BALTIMORE — On May 12th, police answered a call for a suspicious bag found in a shopping cart next to a dumpster at the Clarks Lane Garden Apartments in Northwest Baltimore.
“They happened to look over and they said they seen a cart sitting there with body parts in it,” a resident, Kevin Hueitt, told us at the time.
A torso of a body missing its hands, legs and head.
Police released the image of a tattoo that one of Dominique Foster’s children living in the Carolina's recognized, which led to her identification.
Surveillance video and other evidence pointed to her father, 66-year-old Lawrence Banks, as the killer.
The two had been living together at the nearby Bristol House Apartments in what investigators discovered had been a sexual relationship.

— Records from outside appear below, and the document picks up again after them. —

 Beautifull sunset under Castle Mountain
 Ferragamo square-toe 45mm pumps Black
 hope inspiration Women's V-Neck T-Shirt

"Living in fear for all this time, we need to make sure that her funeral is not a dumpster," a woman told friends and family members at a vigil for Foster where emotions ran high.
"I don't care what kind of life she was living,” another woman told those who had gathered, “She still was a human being."

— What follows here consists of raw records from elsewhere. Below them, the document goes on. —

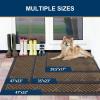 image:imageSmiry Front Door Mat Outside Entrance Heavy Duty Outdoor Indoor Mat Natural Rubber Doormat Non Slip Trap Dirt and Moisture Easy Clean Low Profile Patio Porch Entryway Mat 295x17 VioletBrown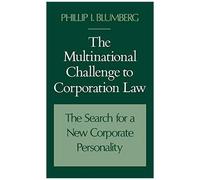 The Multinational Challenge To Corporation Law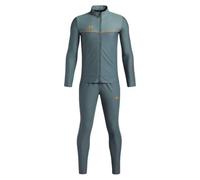 Under Armour Niño Challenger Tracksuit, Chándal completo ligero y transpirable con bolsillos, chándal de fútbol para niño con sudadera y pantalonesJasper Blue / / Squad Orange,YMD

Police picked up Banks on gun charges, but Foster’s death brought back decades-old memories of him killing her brother as well.
“It’s too much. It’s too much, and he discarded her like trash and she was beautiful,” said Arlene Lawson, one of Foster’s high school friends, “Her brother was beautiful. They were so sweet. That’s what I remember.”
The family had long suspected Banks of killing their mother as well, although police never found enough evidence to charge him in her death.
This week’s charges may finally end a long history of fear, abuse and even death tied to the family’s patriarch.
“That monster has to stay where he is... in jail,” said Lawson.
Dominique Foster left behind six children and a host of other extended family members who still live in and around Baltimore.